# The task:
Print the data exactly as written, line for line, and leave its pictures behind.

# Collected material:
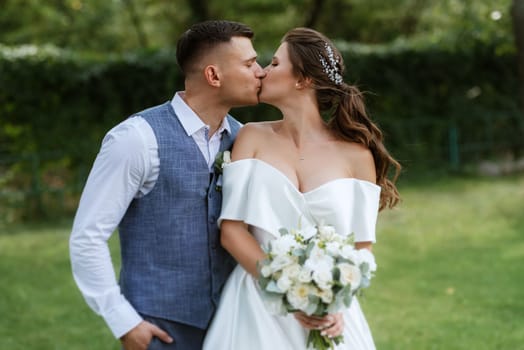 the first meeting of the bride and groom in wedding outfits in the park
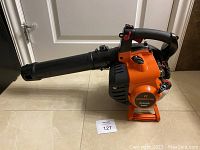 Orange Remington Ambush RM2BV leaf blower side view showing label and handle.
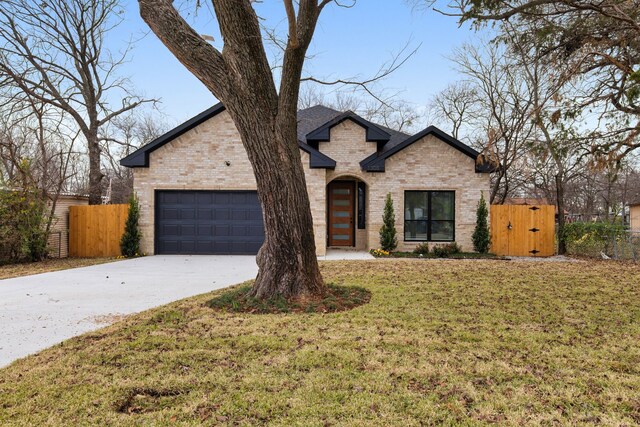 french country style house featuring a front yard and a garage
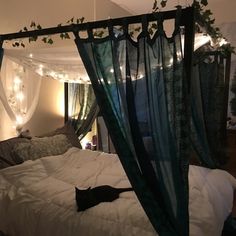 an unmade bed with green curtains and lights on the headboard, in a bedroom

# Response area:
 the first meeting of the bride and groom in wedding outfits in the park
 Orange Remington Ambush RM2BV leaf blower side view showing label and handle.
 french country style house featuring a front yard and a garage
 an unmade bed with green curtains and lights on the headboard, in a bedroom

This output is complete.